I know if I were selling it I'd be asking a minimum of $15bf assuming it was in decent shape and had good figure. Good luck with your purchase.


----------



## Tennessee Tim (Dec 15, 2010)

Allen, I also have the concerns of the gray wood, one of the pics appears to be a green tint in the lower layers as in a lot of excess moisture in the lumber drying area. Pics can be tricky but it appears to be drying under a heavy tree canopy....alll I see is heavy shade....lots of what appears to be leaves or pine needles on and around stacks and plastic as a cover...How far down did this cover go???? not good for drying.

I would check a few boards as for color and/or mold. Some of the upper wood appears to have had a fungus growth on the edges in the past. 

This is not to say it's a bad deal...just do your homework and throughly inspect prior to dealing.


----------



## nmacdonald (Jan 13, 2012)

The cover goes down about 12". What color should they be and how about small splits on the ends?
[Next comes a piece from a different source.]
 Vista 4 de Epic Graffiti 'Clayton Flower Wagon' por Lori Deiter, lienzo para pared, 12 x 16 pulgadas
I'm thinking the price will be about $20-$40 per length but could be better once I get a better look


----------



## Allen Tomaszek (Dec 11, 2010)

End checking is pretty normal. If it's more than a few inches into the board you just have to count on losing that part of the board to trimming. Below are a few pictures of figure in Birdseye Maple I sell to give you an idea of the range. Even with light figure $20-$40 a stick is a good price assuming the boards are sound. The more eyes the higher the price. There's also a premium put on boards that are all sapwood (white) and no heart. My experience though is that if it's heavily figured no one really cares much about heartwood.
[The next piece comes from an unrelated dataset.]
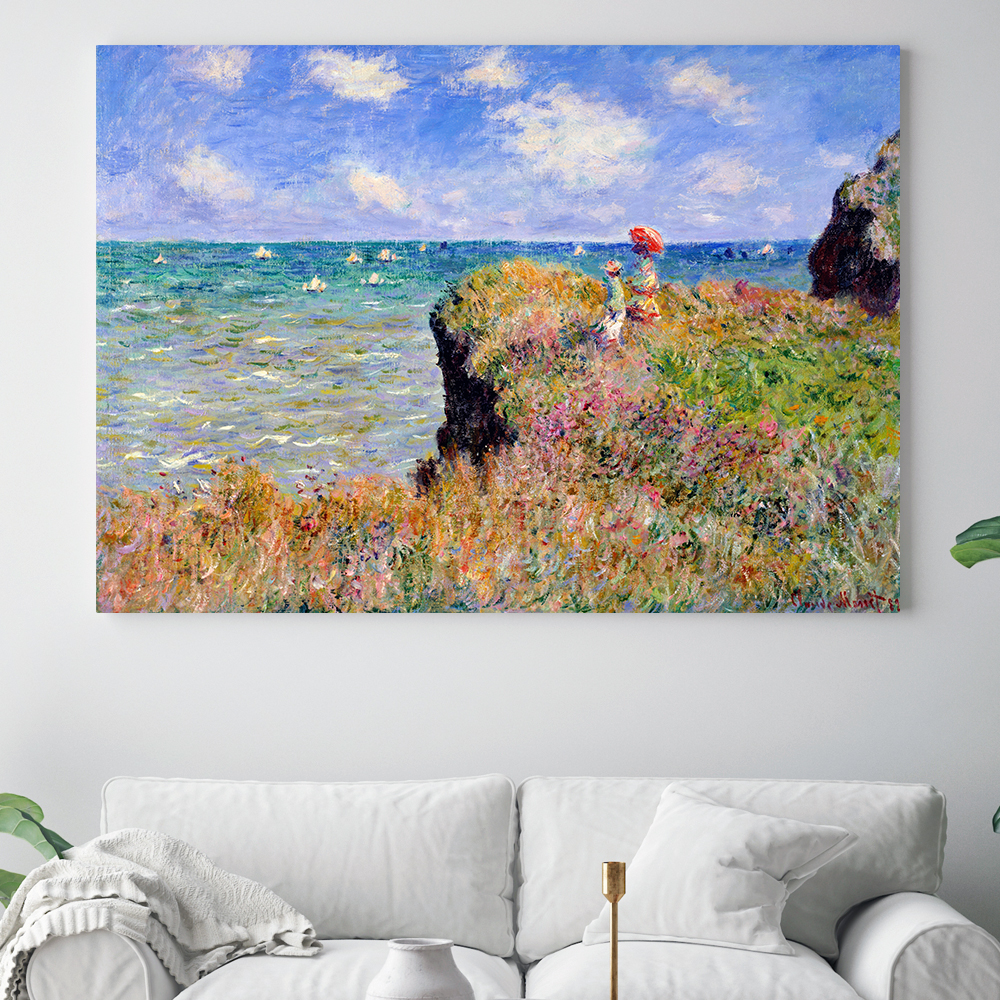 클로드 모네 인테리어 그림 액자 포스터 명화 Cliff Walk at Pourville 1882 - 상품 이미지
Too bad you're in PEI. A little too far East for me or I'd swing by and look at the pile with you :thumbsup: Good luck!

Heavy Figure








Medium Figure








Light Figure








Some random boards


----------



## nmacdonald (Jan 13, 2012)

I bought about 24' more of this for $35. Pretty well all the pile has a lot of splitting at the ends with some extending up the planks


I think I'll see how usable these are and how they look before buying anymore.

I did however pickup an old 6" x 48" belt sander and 9" wheel with a base cabinet, a brand new 3200 psi 6.5hp gas pressure washer. 3 4' pipe clamps and 4 cheap 4' trigger clamps. 
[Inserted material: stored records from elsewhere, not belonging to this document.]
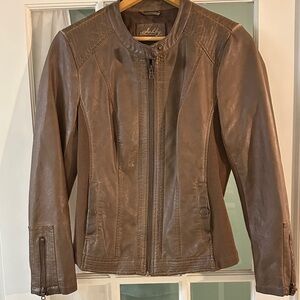 Brown Vegan Leather Jacket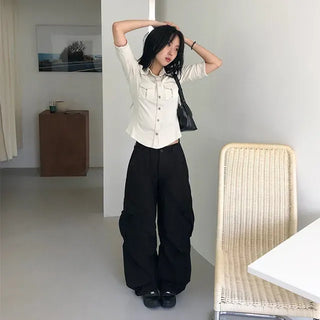 Big Pocket Two-Button Wide Cargo Pants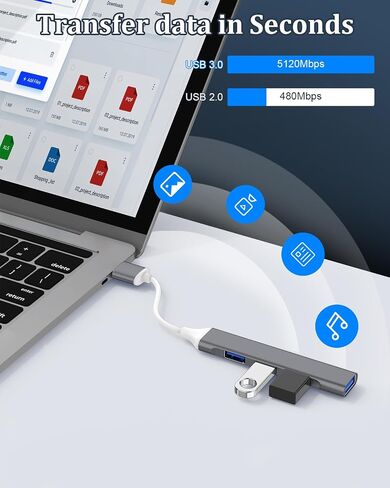 2 Pack USB Hub 3.0,4-Port USB to USB C Adapter, USB 2.0 Hub Ultra-Slim USB C Adapter USB Splitter,USB C Dock USB Extender for Laptop,iMac Pro,MacBook Air,Mac,USB to USB C,USB C to USB in Saudi Arabia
There are many other machines but a lot of them have surface rust. It will all be going to an estate sale as h husband had past away.


----------



## nmacdonald (Jan 13, 2012)

The goodies


----------



## MidGAOutdoor (Apr 7, 2011)

very nice wood


----------



## nmacdonald (Jan 13, 2012)

So I sliced up the short piece on the left of the 3 pictured. I was able to get 6 pieces 3" wide and 1 3/8th thick about 4' long. The splitting is not as bad as I thought it would be but probably more than ideal. Just take more wood to get the pieces required for whatever project I do. Pictures tell the story. Would you classify this as a medium figure?


----------